Мы голодали. Только благодаря искусству нашей бабушки Елизаветы Ивановны мы кое-как пробивались и ели лучше других. Незаметно время приближалось к светлому празднику Св. Пасхи. Еще в прошлом году мы имели пасхальный стол. Мы были рады, что бабушка сделала торт из отрубей и сохранила бутылку наливки. Нам было хорошо, но только дома. Другой жизни у нас не было. На улице я лично не показывался, и потребности этой у меня не было. Я сидел дома среди своих, и мне ничего другого не было нужно. Я знал, что рано или поздно революция кончится, и если мы уцелеем, то вновь начнем прежнюю жизнь. Моя дочь была со мною, но мне было ее невероятно жаль.

Молодежь была лишена решительно всего, что было ей привито образованием, культурой и воспитанием. Увеселения и развлечения были жалкие и только для простонародья. Танцевальные вечера были отвратительные, и господствующее положение на них принадлежало пролетарской массе. Мне хотелось доставить удовольствие своей дочери, и я рискнул пойти с ней на концерт, после которого был объявлен танцевальный вечер.

Прекрасный когда-то зал Дворянского собрания превратился в грязный сарай.
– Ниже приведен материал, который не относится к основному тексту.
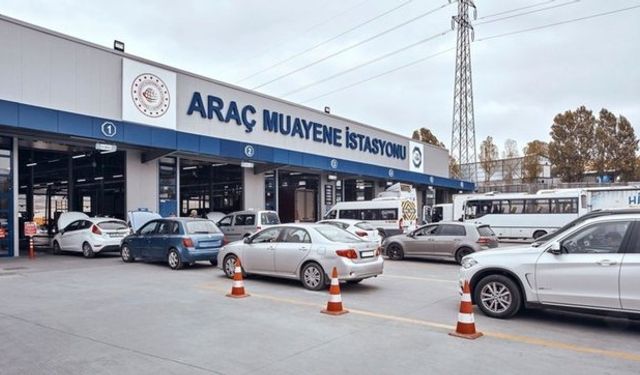 Araç muayene ücretlerine zam! İşte 2023 otomobil, otobüs ve kamyon araç muayene ücreti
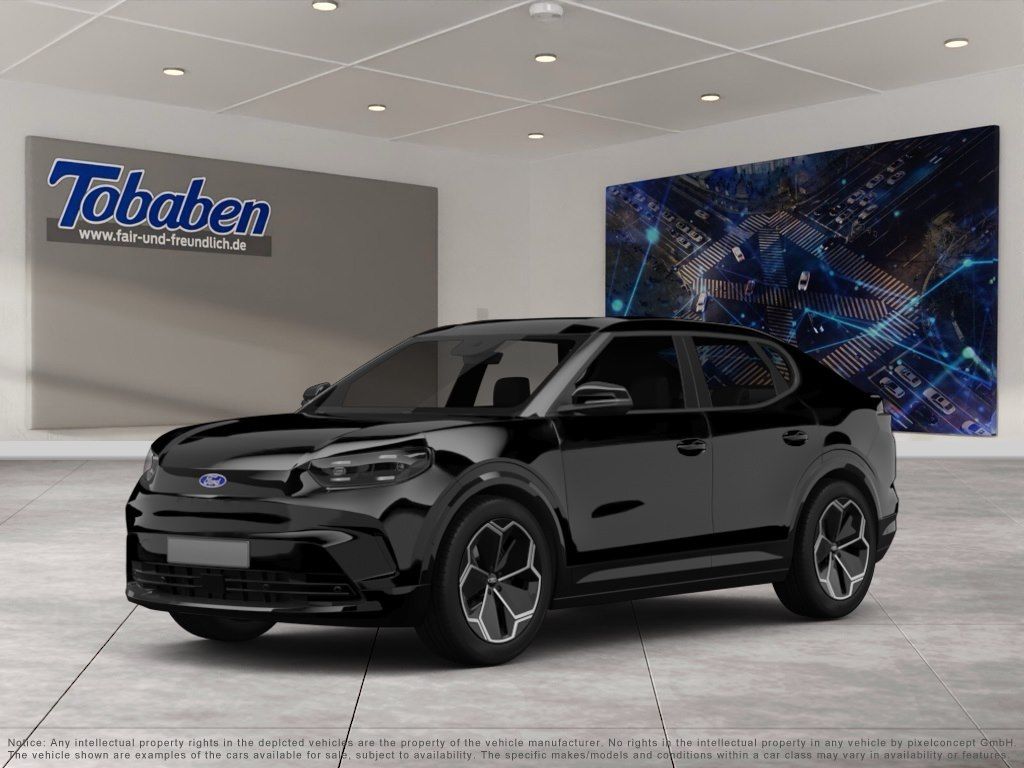 Ford Capri 2025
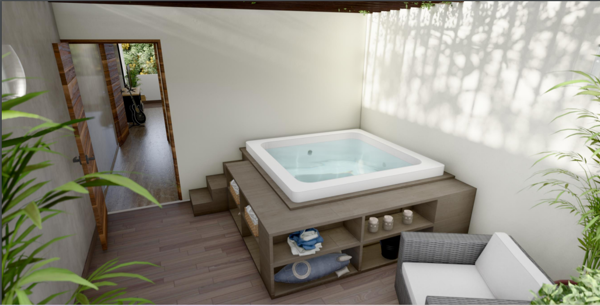 Departamento en venta en Santa María Yaxché, Mérida — foto 2 de 18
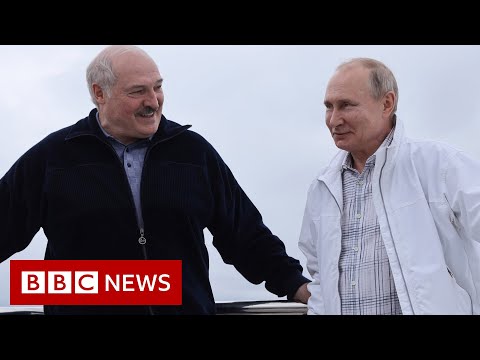 Belarus: A climate of fear for opposition activists – BBC News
Оголенные стены, пожелтевшие в местах, где когда-то были развешены портреты царских особ и предводителей дворянства, были увешаны высохшими от времен и почерневшими гирляндами из сосновых веток, оставшимися после какого-то митинга. На месте портрета Государя Императора, по недоразумению, вероятно, красовался в гравюре портрет Шевченко, утопающий в таких же почерневших и серых от пыли и местами оборвавшихся гирляндах. Паркетный пол, когда-то блестевший от чистоты при ярком электрическом освещении, теперь был покрыт слоем прилипшей от грязных сапог пыли, как то бывает всегда в волостных правлениях. При танцах эта грязь превращалась в пыль, заволакивая и без того тусклый свет электричества густой пеленой.

В зале был полумрак. Вследствие перегрузки станции электричество горело наполовину и едва освещало громадный, в два света, зал. Концерт носил специфический колорит. Первые ряды были наполовину заняты босыми детьми. Среди них кое-где сидели в платочках какие-то простые женщины. За ними расположились солдаты-красноармейцы и какие-то люди в пиджаках, надетых на косоворотку и в сапогах; по-видимому, это были рабочие и подмастерья. Интеллигенции почти не было видно. Всюду возле окон и дверей стояла и сидела пролетарская толпа.

Танцы открылись вальсом, который поднял тотчас же невероятную пыль. Сначала как будто выступила более интеллигентная публика, среди которой мы узнали некоторых черниговских гимназисток. Впрочем, их было трудно распознавать, так как они были в домашних потрепанных платьях, а не в форменном одеянии. Тотчас же за ними пустилась в пляс вся пролетарская молодежь, в громадном большинстве евреи и еврейки, которые теперь всюду занимали господствующее положение. Танцевали с папиросками в зубах. Об искусстве танцевать мы не будем говорить, ибо это была пародия на танцы.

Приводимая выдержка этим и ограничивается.